Caveats of algorithm complexity (i)

The birth of the modern computer in the 1940s allowed vast problems to be solved in an expedited manner. In these early years the use of computers, such as the Colossus, were restricted to military applications, such as for cracking German encrypted messages during the Second World War. Indeed Colossus, a machine running the equivalent of 5.8Mhz was an immense structure capable of simplistic, yet highly repetitive tasks. Skip forward over seventy years, the speed of CPUs has increased in excess of 5GHz, they are being grouped into clusters, and the applications they run are inherently more complex. The question we have to ask ourselves is whether a complex algorithm actually performs any better than a simple one?

Brute force = simplicity

In the early days of chess-playing programs, many of the algorithms were based on human inspired heuristics, and didn’t perform very well. In the late 1970’s, Ken Thompson and Joe Condon built Belle, the first chess playing computer,  which took advantage of what computers do best: searching through as many possibilities as they can as quickly as they can. IBMs Deep Blue, which played Garry Kasparov in 1997, worked on this principle of brute force. Deep Blue contained 480 special purpose chess chips and was capable of evaluating 200 million positions per second. Brute force, also known as exhaustive search, is a simple algorithm which tries every possible combination of candidates for a solution until the most appropriate is found. There are situations where a simple algorithm is the best approach. A dictionary is sorted alphabetically, so a brute force approach to finding the word Templar would require testing every word from the letter a. Not the most efficient algorithm, but it is simple, and it does work. Were the dictionary unsorted, then brute force would likely be the best approach.

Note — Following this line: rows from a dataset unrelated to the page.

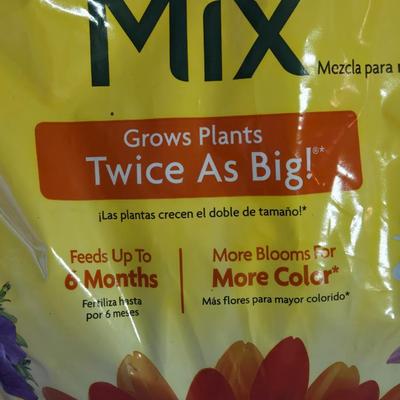 Miracle Gro Potting Mix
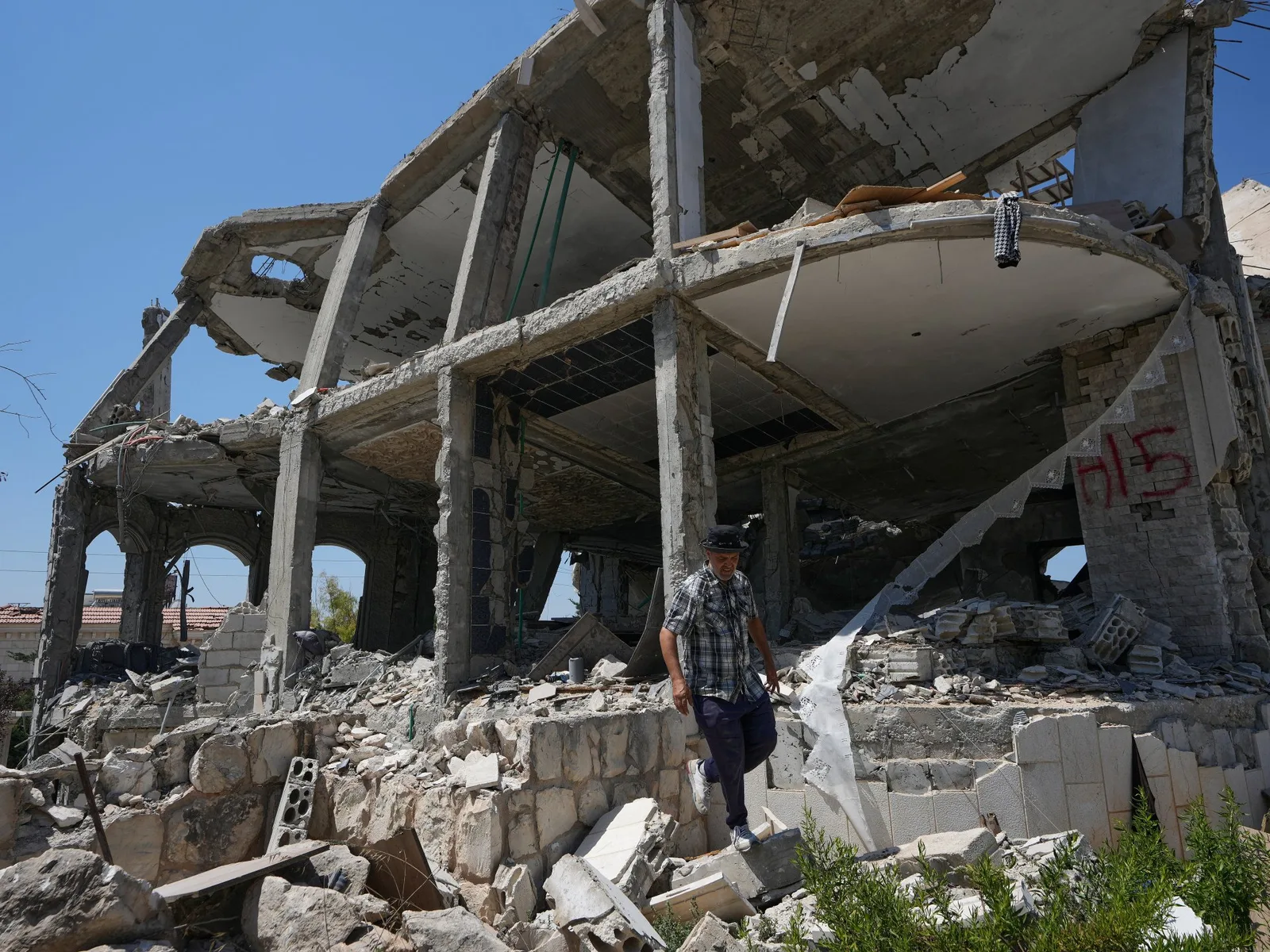 Israeli Airstrikes in Southern Lebanon Kill One, Injure 11 Amid Ongoing Tensions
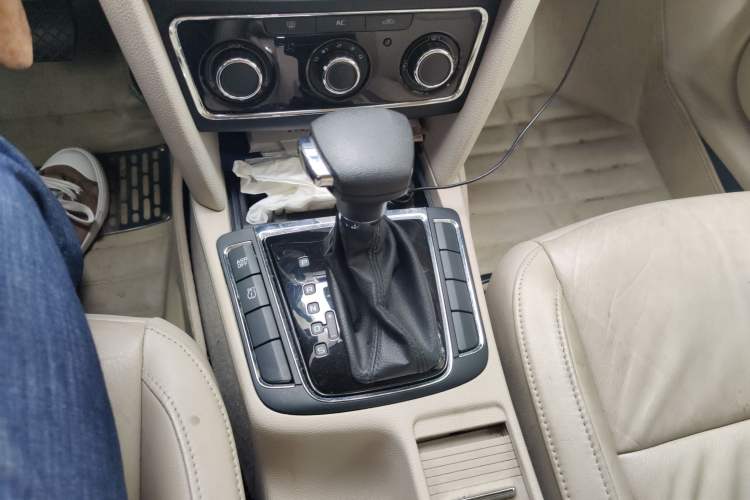 Used Skoda Superb 2009 1.8TSI Automatic Elegant Edition Gear Lever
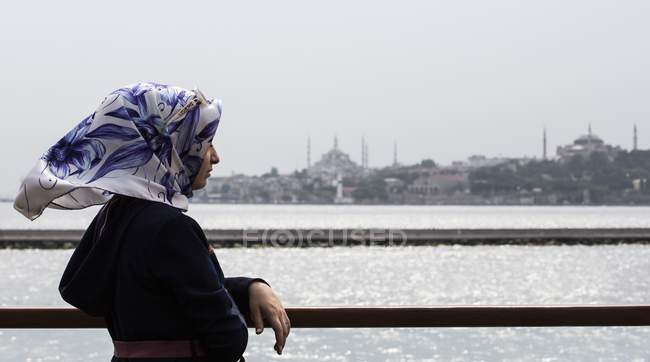 Frau blickt auf die Bosporusstraße — Stockfoto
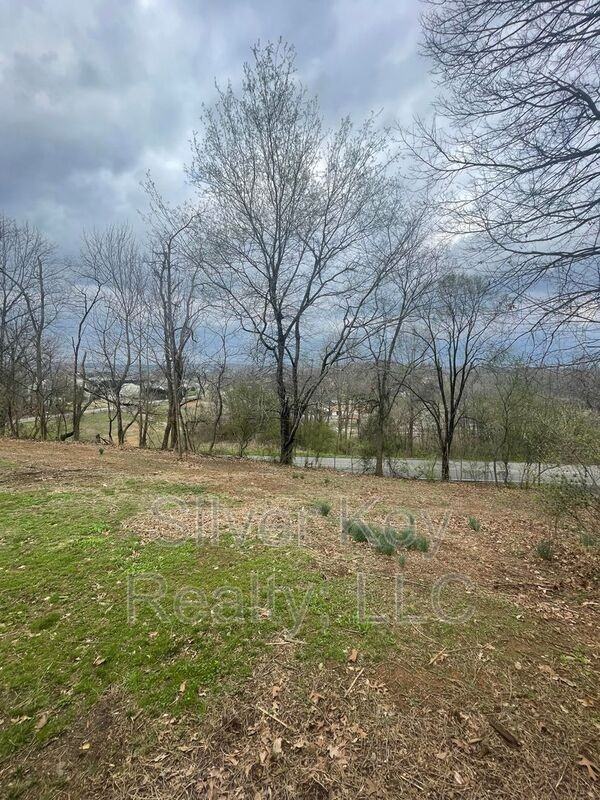 1008 Old Highway - Photo 2 of 12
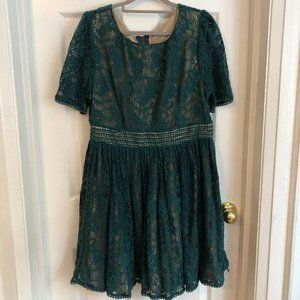 Evergreen lace dress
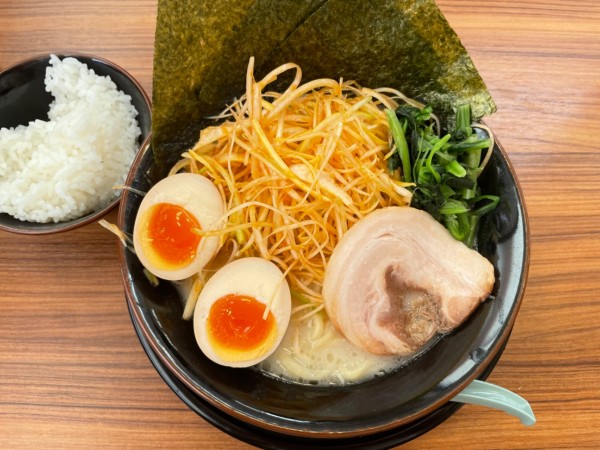 「ネギラーメン＋味玉」@横浜家系ラーメン 壱角家 小山雨ヶ谷店の写真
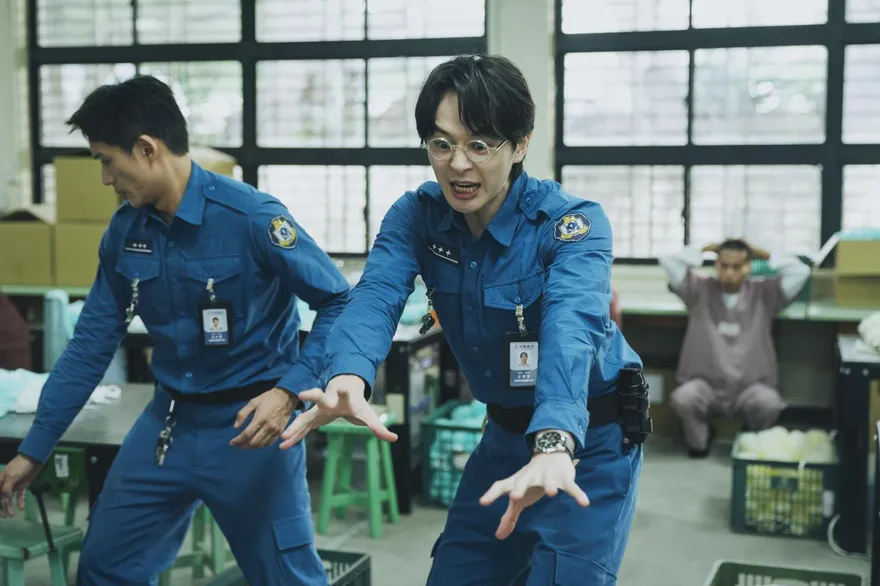 張軒睿拍暴動戲「辣椒水一噴全場失控」　邱以太嚇喊：碰到就刺痛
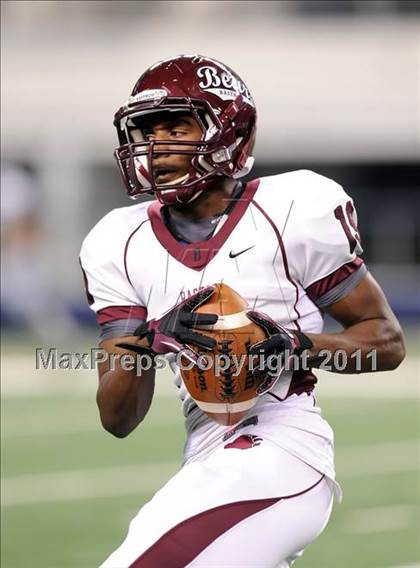 Thumbnail 3 in Liberty vs. Bastrop (4A Division 2 Region 2 Semifinals) photogallery.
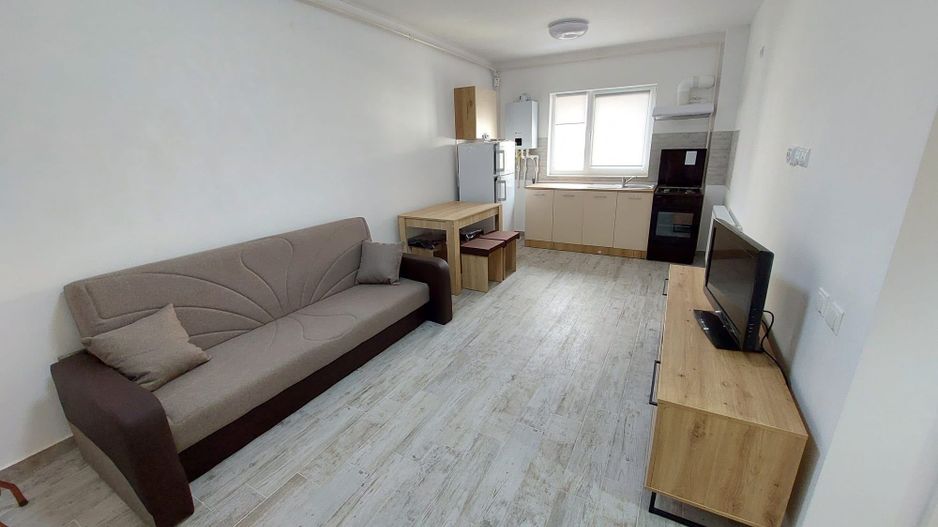 Apartament cu doua camere, Aparatorii Patriei,90.000€ - Poză 1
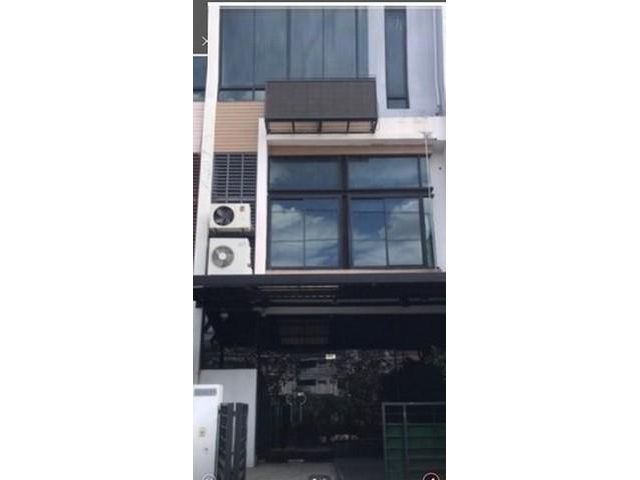 ให้เช่าทาวน์โฮม 3.5 ชั้น เดอะฮาบิแทท ศรีวรา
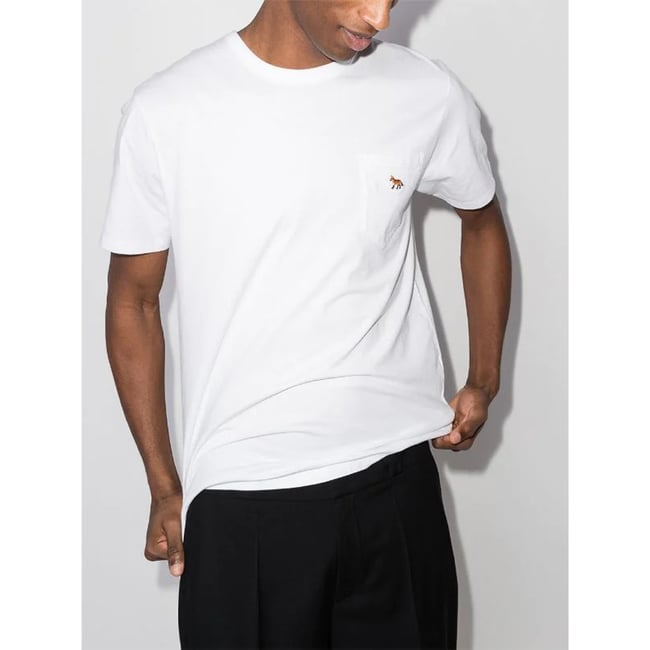 メゾンキツネのホワイトTシャツを着た男性モデル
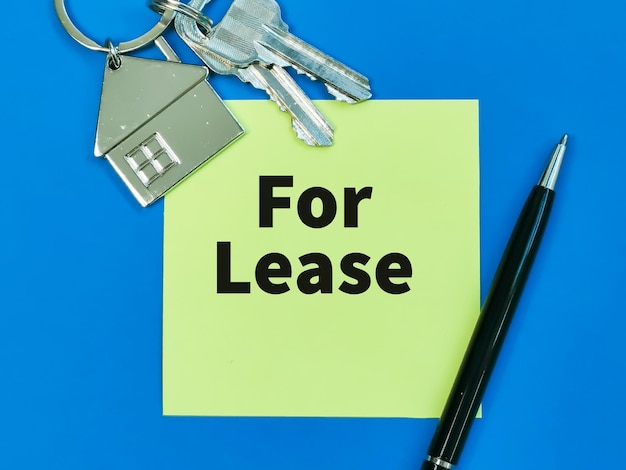 phrase-lease-written-sticky-note-with-house-keys-pen_805187-334.jpg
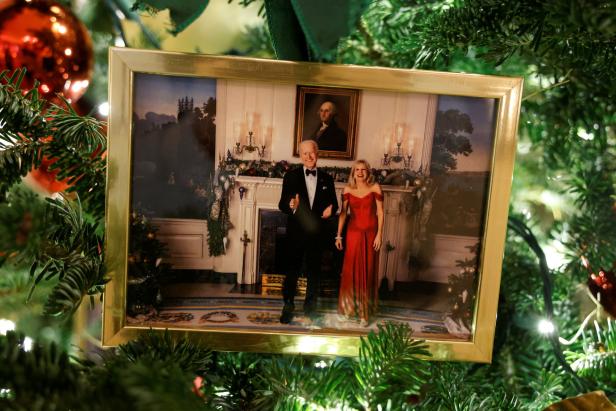 Ein gerahmtes Foto von Joe und Jill Biden hängt an einem Weihnachtsbaum.
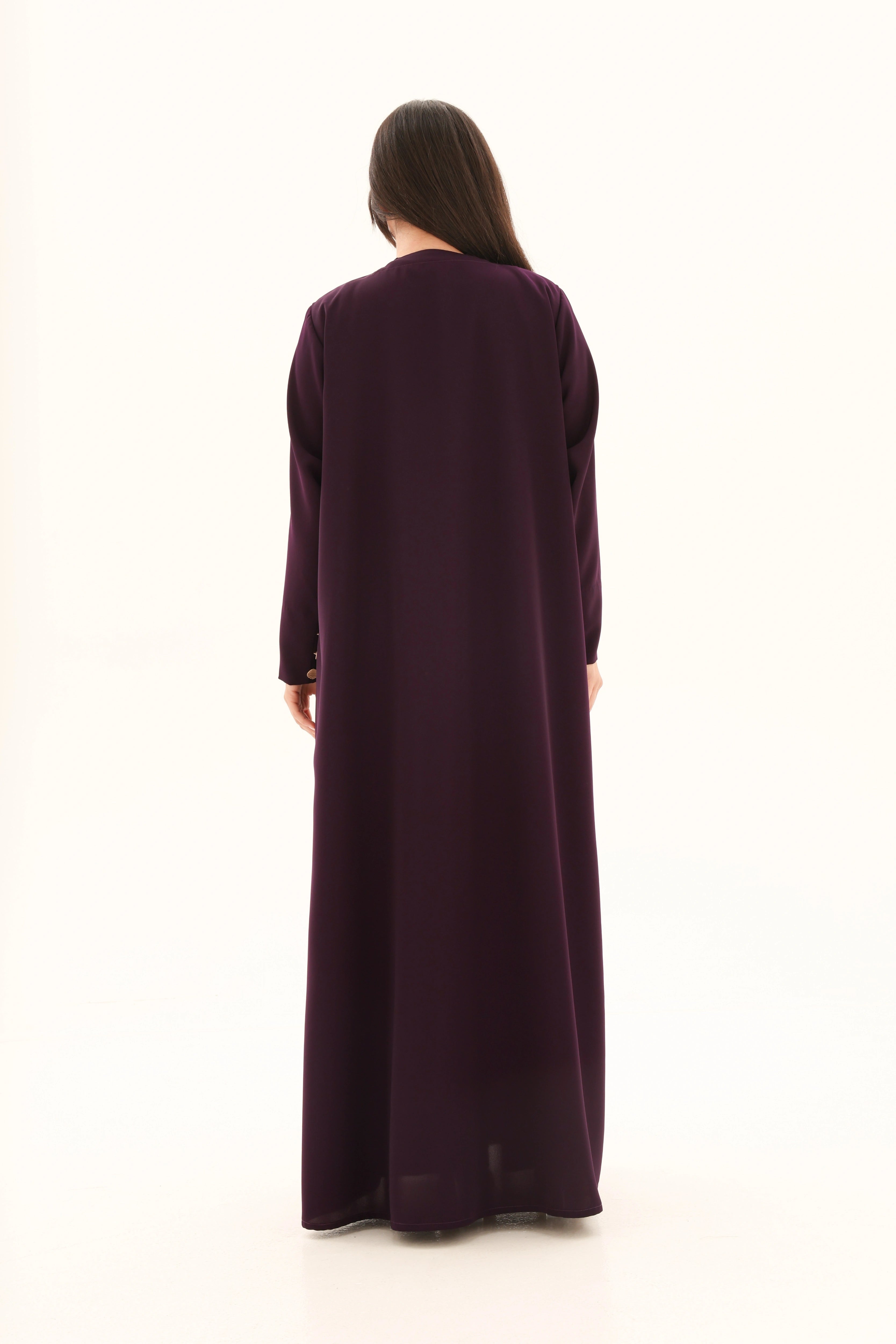 Abaya aubergine crêpe premium coupe cloche – vue de dos – SOOTRASHOP
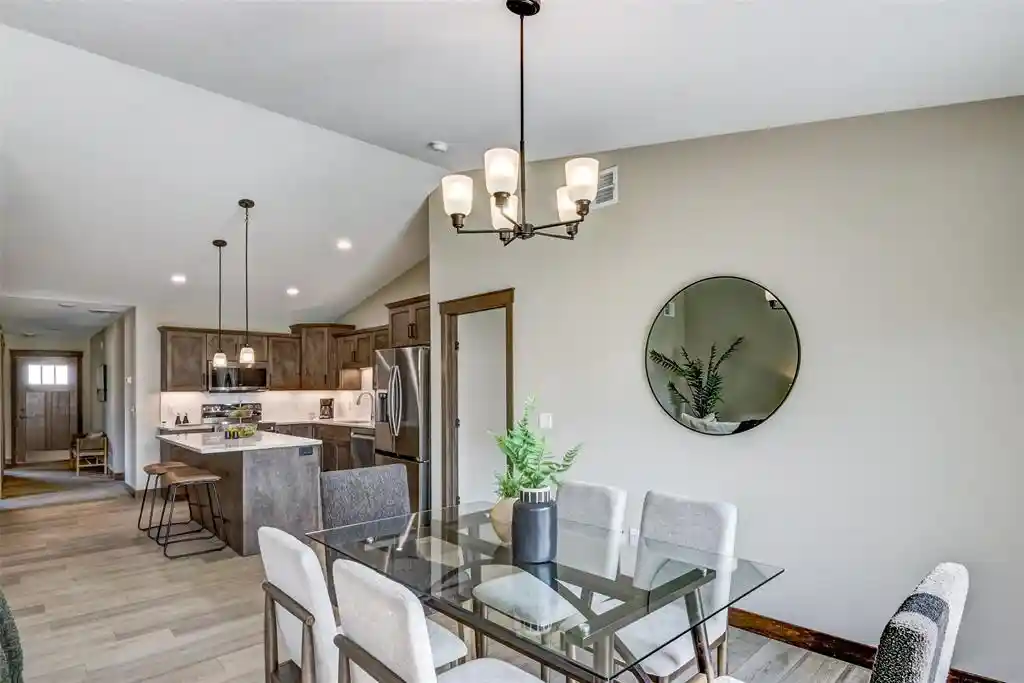 5th image of 700 Sequoia Dr Dr, Altoona, WI 54720 | MLS# 1603437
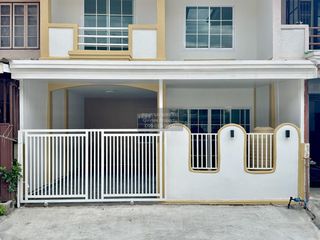 For sale 3 bedrooms townhouse in Thanyaburi, Pathum Thani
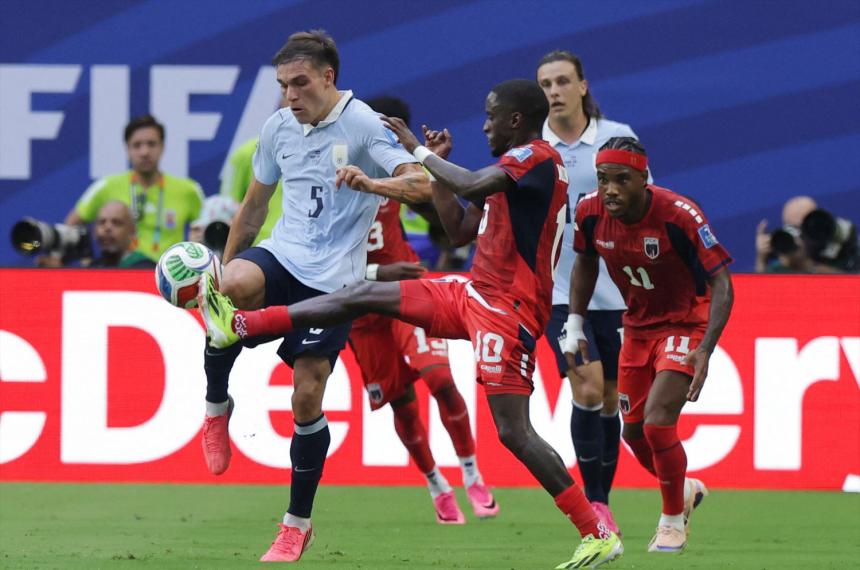 Uruguay y Cabo Verde empataron en un frenético partido en Miami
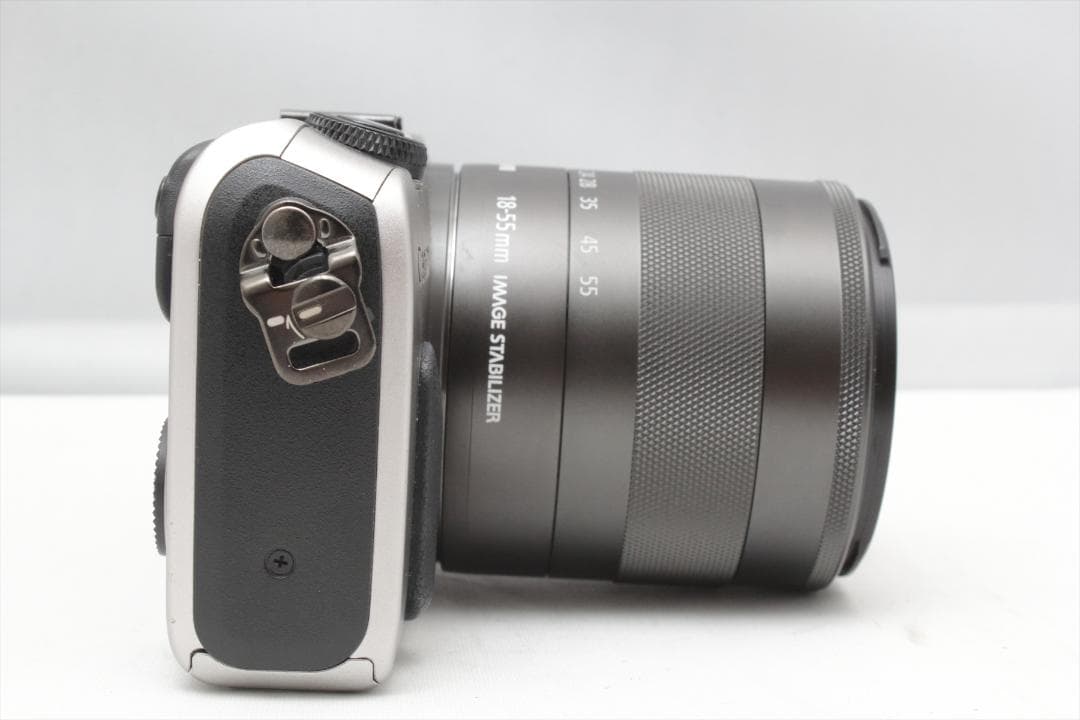 Canon EOS M ミラーレスカメラ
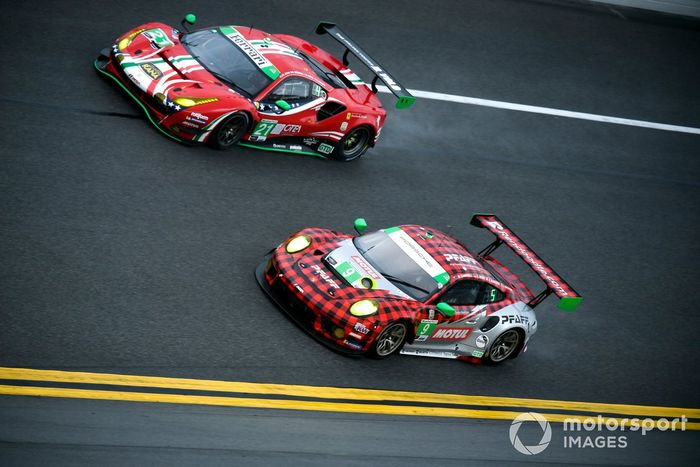 #9 Pfaff Motorsports Porsche 911 GT3R, GTD: Zacharie Robichon, Laurens Vanthoor, Lars Kern, Matt Campbell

Consider the task of finding relevant images on flickrflickr is a visually-based social networking site devoted to photographs. It currently maintains in excess of two billion images, with 7-10 million new images added each day. The easiest way of searching for this information is by way of tags associated with each image. A tag is a non-hierarchical keyword assigned to an image. At the other end of the complexity spectrum is contentbased image retrieval (CBIR). It would ideally allow searches to be performed based on a keyword or a given image. The search would be performed, by matching information extracted from the content of each of the images in the database. The problem with CBIR is the complexity involved in extracting relevant information from images. A human can look at a photograph and intrinsically find objects within the image, and easily identify the context of the photograph, a computer can not. A computer must partition an image into what it considers relevant objects, extract information on those objects and try and make some prediction about what is in the image based on its knowledge base. By trying to model algorithms on the basis of the human visual system, we are adding complexity to the problem, and building algorithms which may never work.